### RAW DATA:
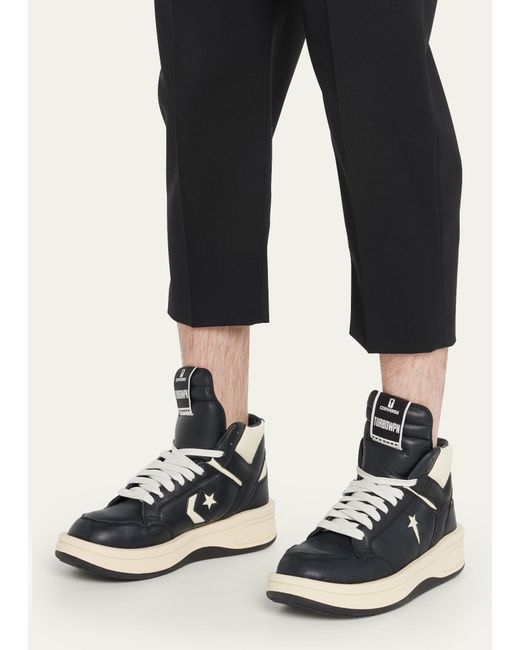 Rick Owens White X Converse Turbowpn Leather High-top Sneakers for men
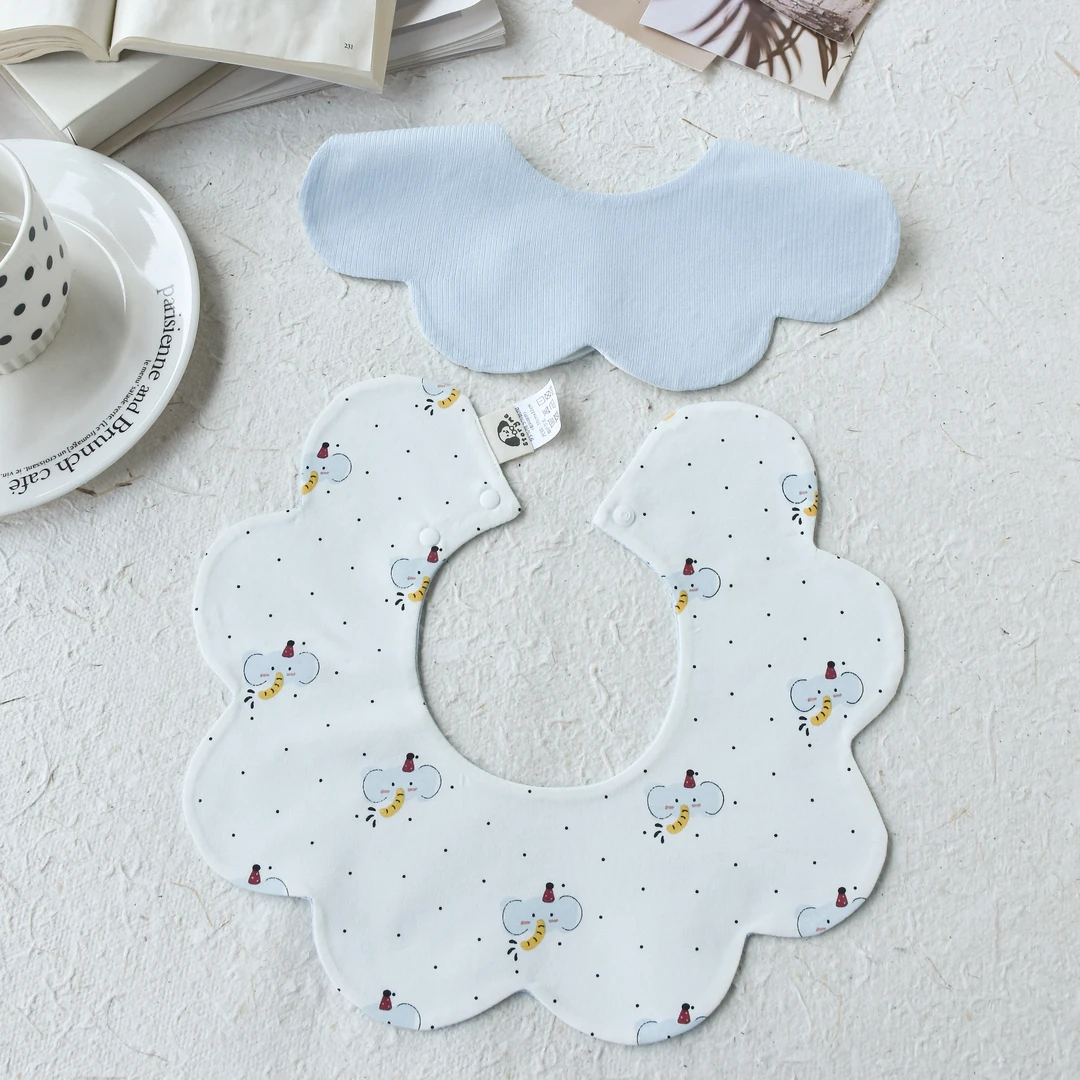 [Y126]蓝色波点大象口水巾围兜新生儿防吐奶柔软透气可爱ins风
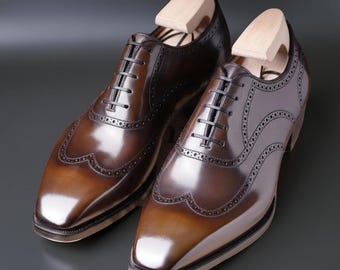 Handmade Brown Leather Wingtip Oxford Shoes – Men's Dress Shoes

### WORK REQUIRED:
The material should be duplicated word for word, with no images included.

### REPLY:
 Rick Owens White X Converse Turbowpn Leather High-top Sneakers for men
 [Y126]蓝色波点大象口水巾围兜新生儿防吐奶柔软透气可爱ins风
 Handmade Brown Leather Wingtip Oxford Shoes – Men's Dress Shoes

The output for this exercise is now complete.